What's needed is the listing below, repeated word for word with no pictures.

== Input data ==
━━━━

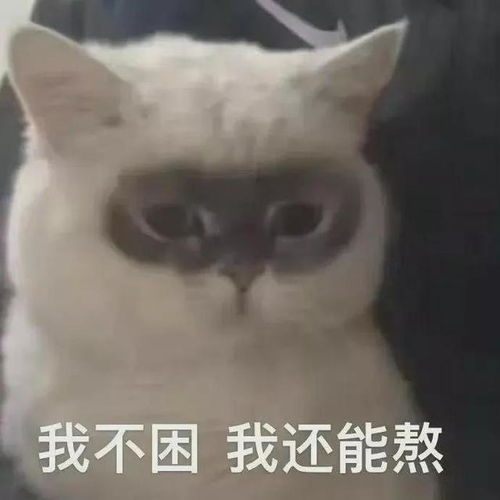 表情包已读,但不知道怎么接,要不你再说句别的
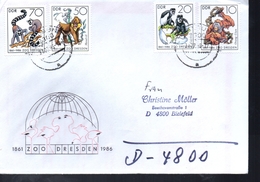 DDR   Lettre Singes Gorilles - Gorillas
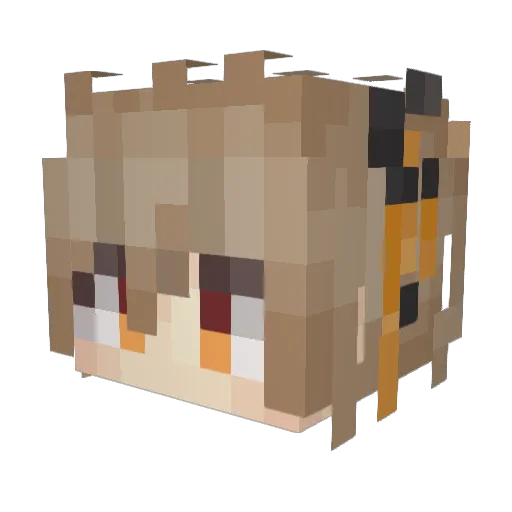PuSaMan Minecraft avatar head, 3D render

━━━━

== Reply to the exercise ==
 表情包已读,但不知道怎么接,要不你再说句别的
 DDR   Lettre Singes Gorilles - Gorillas
PuSaMan Minecraft avatar head, 3D render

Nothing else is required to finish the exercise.